Monitoring at Cloudentity
Monitoring is a critical aspect for us at Cloudentity, playing a key role in our SRE, DevOps, and Support operations across diverse infrastructures. Finding an ideal solution was challenging, requiring careful consideration of various factors including system architecture and configuration. This article outlines how we utilize Thanos to store Prometheus metrics for an EKS Multi-Cluster AWS EKS-based setup. Additionally, we’ve provided ready-to-use monitoring configurations to ensure effective Cloudentity monitoring within your infrastructure.ion.
Requirements
Here are some assumptions we wanted our monitoring system to support:
- We needed a centralized observability system to collect data from all regions' clusters (and it’s able to handle a growing load)
- The infrastructure should be highly available and resilient.
- The solution should be cost-efficient.
- Collected data should be kept for at least 90 days.
- Prevent false negatives and concentrate solely on what is important.
Architecture
Components
Our monitoring system is made up of two main components:
-
We have local Thanos clusters deployed in each of our SaaS regions. These clusters are independent and store (and visualize) metrics from the AWS region where they are located.
-
The central Thanos cluster which handles alerts and gives access to the main Grafana instance (it allows us to view/visualize data from all regions in one convenient location).
Benefits
- High availability - we can still perform our SRE work even if the central Thanos cluster is down, as we can access the local clusters for critical situations. In most cases, the failure of a single region is not a problem because the central Thanos cluster still has access to data collected by local instances. It’s important to note that we store our data in S3 buckets.
- The central Grafana instance allows us to monitor our infrastructure from a holistic perspective. This is particularly crucial as our traffic can be automatically distributed across different regions depending on the user’s location.
- Our solution is cost effective as we don’t have to send all the data from local clusters to the central one. Instead, the data is stored securely in S3 buckets that are localized per region. These buckets are not dependent on our application infrastructure and are difficult to remove or destroy. Additionally, the traffic between the Central Cluster and Local Clusters is limited to alert notifications and data that our engineers request through Cental Grafana.
- Our data is stored in S3 buckets, which provides a favorable balance between performance and costs. This enables us to retain our data for a period of 90 days and more.

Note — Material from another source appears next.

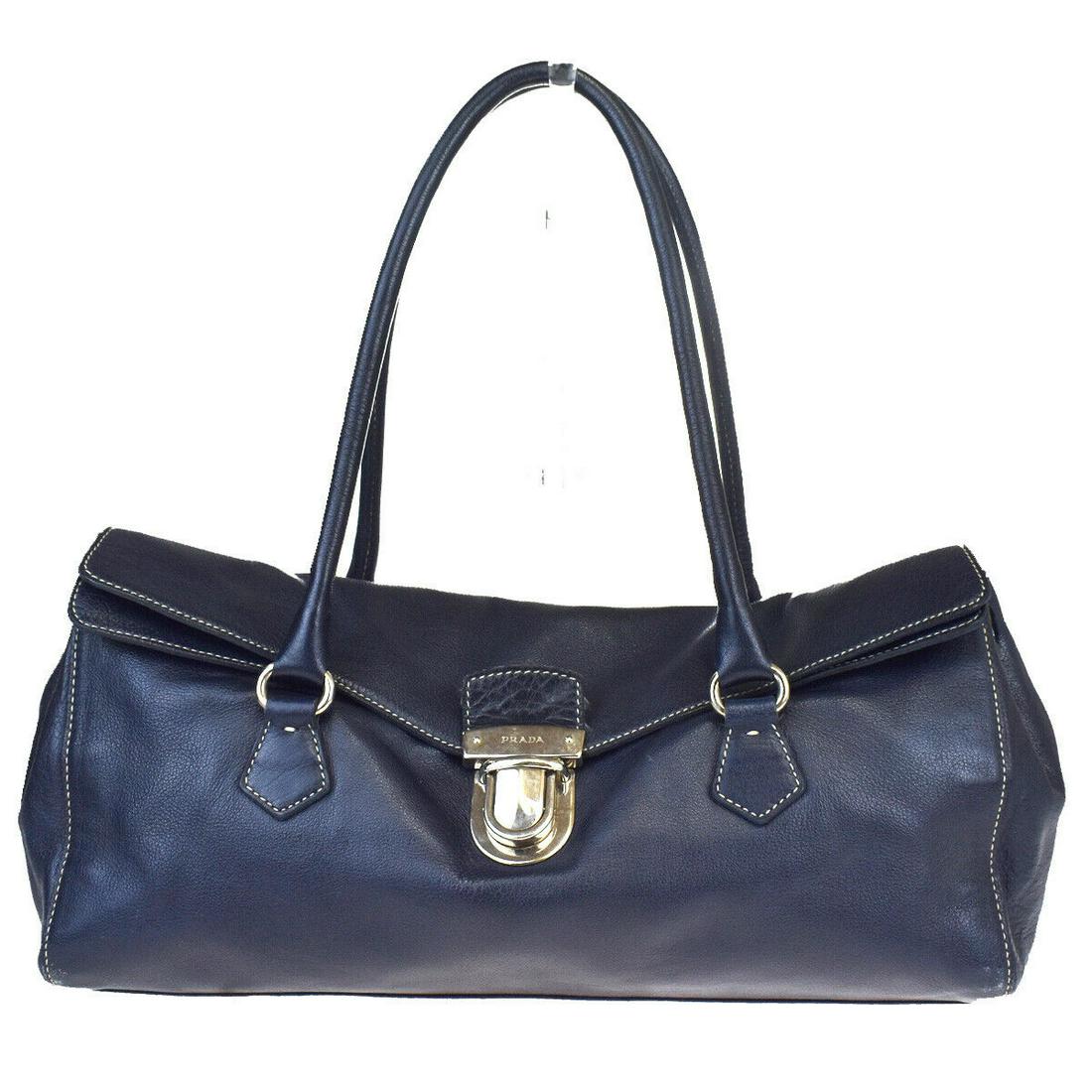 Authentic PRADA Leather Shoulder Bag: Brand: PRADA Material: Leather Style: Shoulder Bag Color: Navy Blue Size(inch): W 13.4 x H 6.7 x D 4.7 "(approx.) Country of Origin: Italy Come with: - All Bidhaus items come with a 100% money-back au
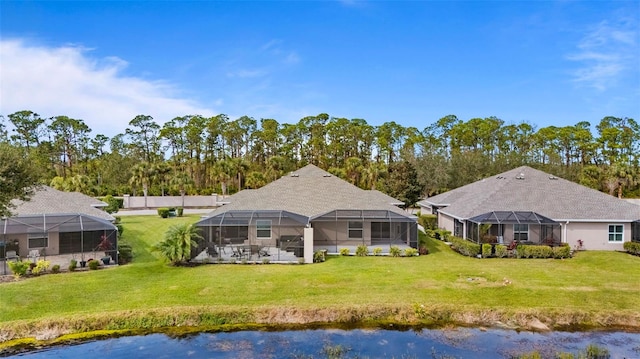 back of property with a water view, a yard, and glass enclosure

- The central Thanos cluster has an additional role in our company. It can monitor non-EKS-related elements, such as the state of our WAF, stats page, and official website. Additionally, this approach allows us to group alerts from different places before sending them to us via Slack or PagerDuty.
Note
For a complete and ready-to-use solution, consider exploring our Cloudentity on Kubernetes via the GitOps approach. Get started with our quickstart guide, and delve deeper with the deployment configuration details.
Installation
Info
This article focuses on configuring a simplified version of the monitoring based on the local (single) Thanos cluster, but it’s worth noting that a similar configuration can be applied to a central cluster as well.

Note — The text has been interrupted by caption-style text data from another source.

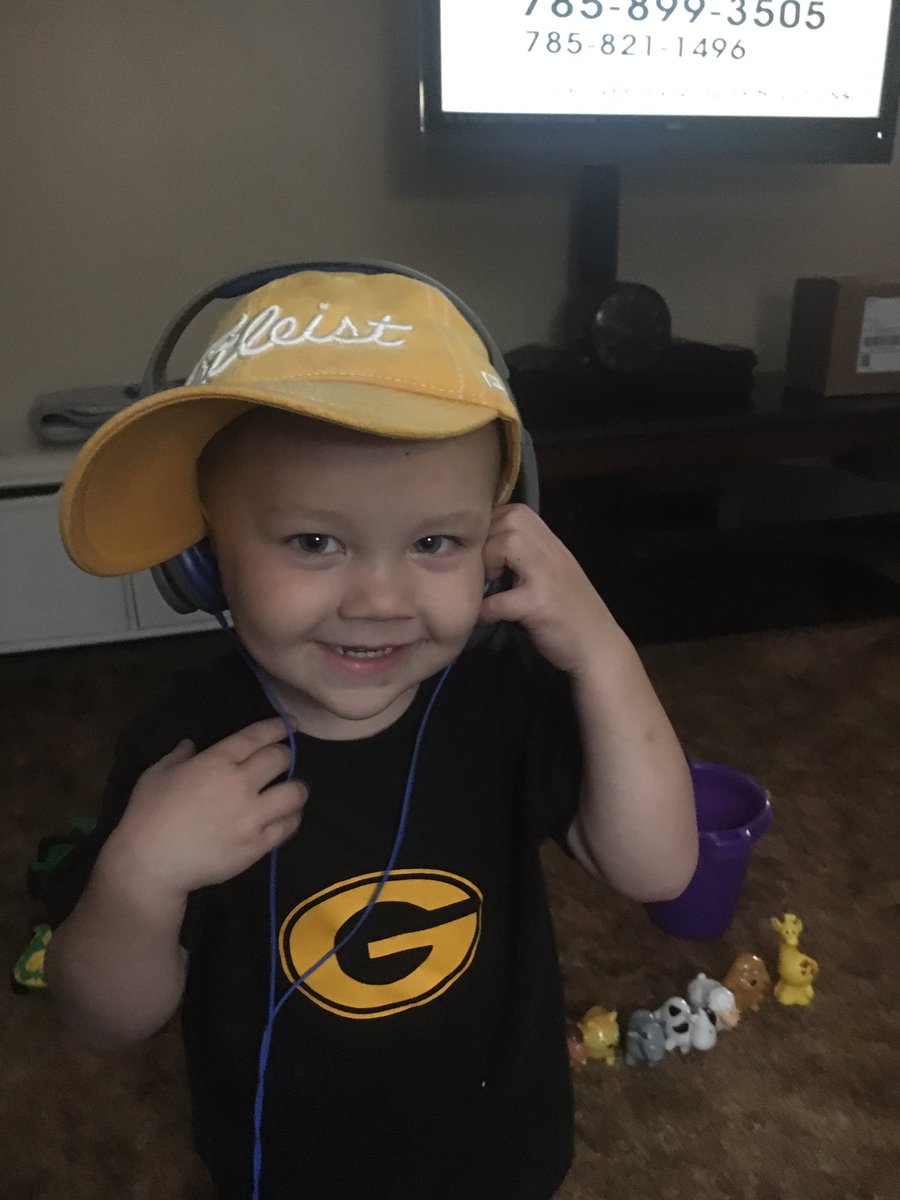 What a happy little guy! We listened to his dads game on the radio.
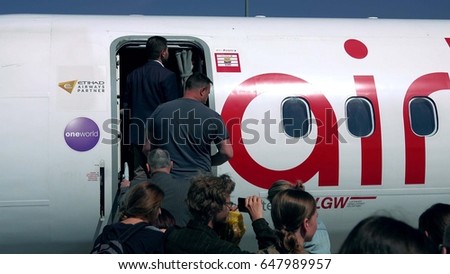 WARSAW, POLAND - MAY, 18, 2017. Air Berlin plane boarding at the airport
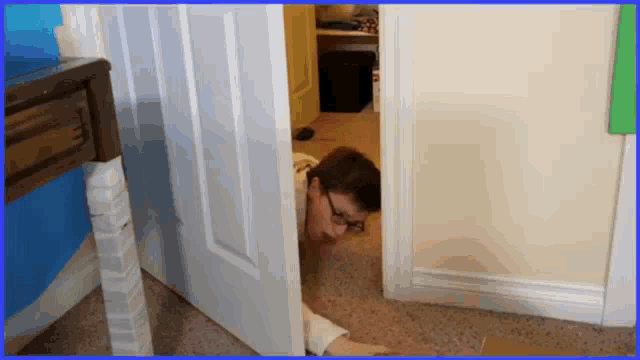 a man with glasses is peeking out of a doorway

We utilize AWS EKS, however, the solution outlined in this article can likely be implemented on any Kubernetes cluster, such as GKE, AKS, or bare-metal. It assumes that you possess a fundamental understanding of Helm and Prometheus.

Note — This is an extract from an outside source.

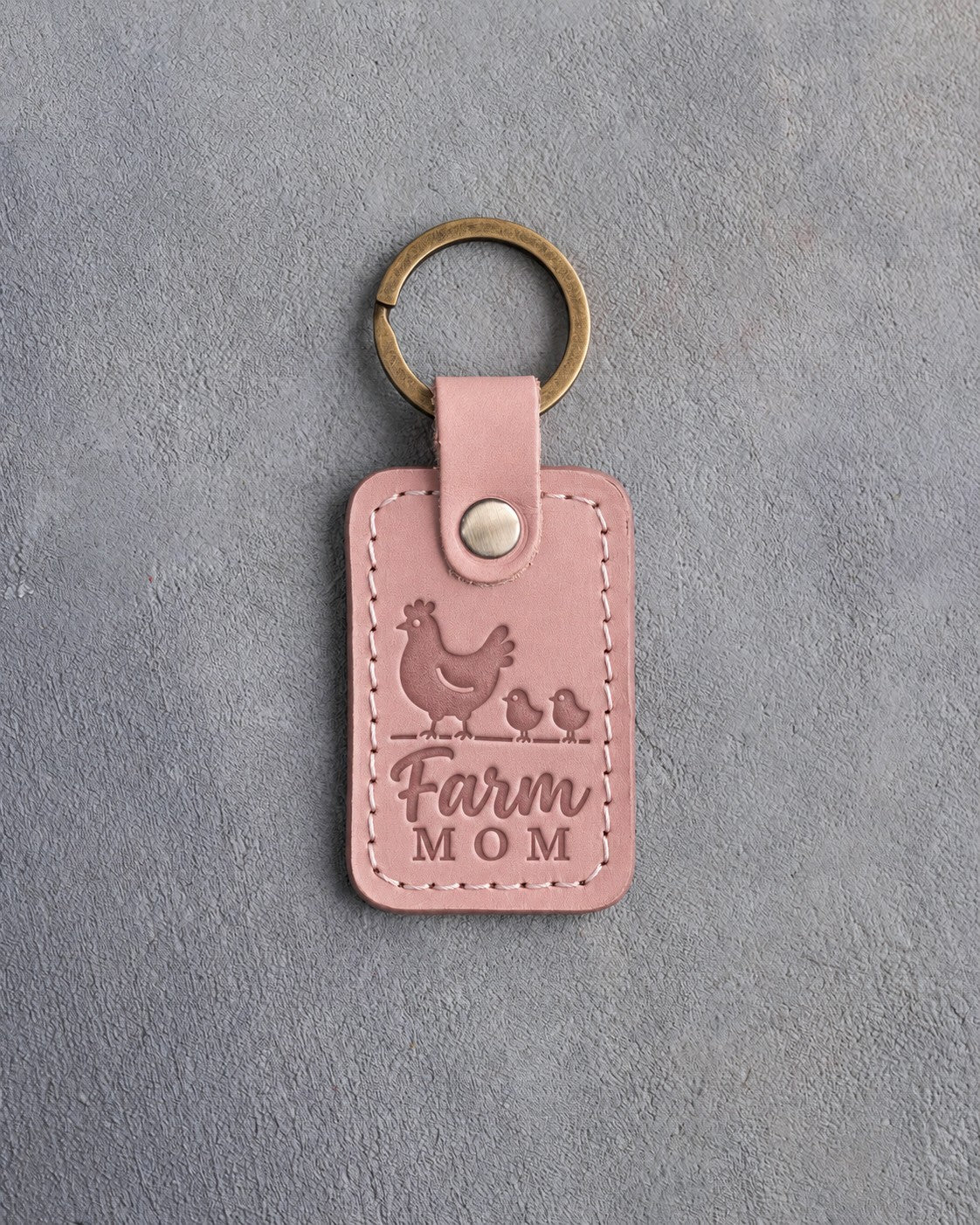 Blush pink leather keychain debossed with a hen and two chicks above the words Farm MOM, on gray concrete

We utilize two helm charts: kube-prometheus-stack which installs thanos which is installed on top of the existing Prometheus deployment.
Prerequisites
- Kubernetes 1.16+
- kubectl CLI
- Helm 3+ (configured to work with your Kubernetes cluster)
Configuration Files
Create the following files:
namespace.yaml
:
apiVersion: v1
kind: Namespace
metadata:
name: monitoring
Note
To demonstrate, we will use minio, a tool that creates easy S3-compatible storage. However, for storing production metrics, we highly recommend using AWS S3 or a similar solution.
objstorage-local.yaml
(for local testing purposes):
apiVersion: v1
kind: Secret
type: Opaque
metadata:
name: thanos-objstore
namespace: monitoring
stringData:
objstore.yml: |-
type: s3
config:
bucket: thanos
endpoint: thanos-minio.monitoring:9000
access_key: admin
secret_key: p@ssw0rd!
insecure: true
objstorage-prod.yaml
(for production purposes):
apiVersion: v1
kind: Secret
type: Opaque
metadata:
name: thanos-objstore
namespace: monitoring
stringData:
objstore.yml: |-
type: s3
config:
bucket: thanos-env_name-region_name
endpoint: s3.region_name.amazonaws.com
region: region_name
aws_sdk_auth: true
prometheus.yaml
(here you can find the list of available parameters):
alertmanager:
enabled: false
kubeApiServer:
enabled: false
kubeControllerManager:
enabled: false
kubeEtcd:
enabled: false
kubeScheduler:
enabled: false
grafana:
adminPassword: prom-operator
sidecar:
datasources:
url: 'http://thanos-query-frontend:9090/'
fullnameOverride: prometheus
prometheus:
thanosService:
enabled: true
thanosServiceMonitor:
enabled: true
prometheusSpec:
thanos:
objectStorageConfig:
key: objstore-local.yml
name: thanos-objstore
serviceMonitorSelectorNilUsesHelmValues: false
podMonitorSelectorNilUsesHelmValues: false
ruleSelectorNilUsesHelmValues: false
prometheusExternalLabelNameClear: true
disableCompaction: true
thanos.yaml
(here you can find the list of available parameters):
minio:
enabled: true
auth:
rootUser: admin
rootPassword: p@ssw0rd!
metrics:
enabled: true
serviceMonitor:
enabled: true
prometheusRule:
enabled: true
default:
absent_rules: true
store_gateway: true
compaction: true
query: true
query:
replicaCount: 1
dnsDiscovery:
sidecarsService: prometheus-thanos-discovery
sidecarsNamespace: monitoring
compactor:
enabled: true
retentionResolutionRaw: 7d
retentionResolution5m: 30d
retentionResolution1h: 90d
persistence:
size: 100Gi
storegateway:
enabled: true
persistence:
size: 10Gi
existingObjstoreSecret: thanos-objstore
Installation
Add the prometheus-community
and thanos
charts repositories to Helm:
helm repo add prometheus-community https://prometheus-community.github.io/helm-charts
helm repo add thanos https://charts.bitnami.com/bitnami
helm repo update
Create a monitoring
namespace:
kubectl apply -f ./namespace.yaml
namespace/monitoring created
Create an objecstore
configuration:
kubectl apply -f ./objstorage-local.yaml
secret/thanos-objstore created
Install Prometheus stack:
helm install prometheus prometheus-community/kube-prometheus-stack --values ./prometheus.yaml --namespace monitoring
NAME: prometheus
LAST DEPLOYED: Mon Jan 1 00:12:30 2023
NAMESPACE: default
STATUS: deployed
REVISION: 1
NOTES:
kube-prometheus-stack has been installed. Check its status by running:
kubectl --namespace monitoring get pods -l "release=prometheus"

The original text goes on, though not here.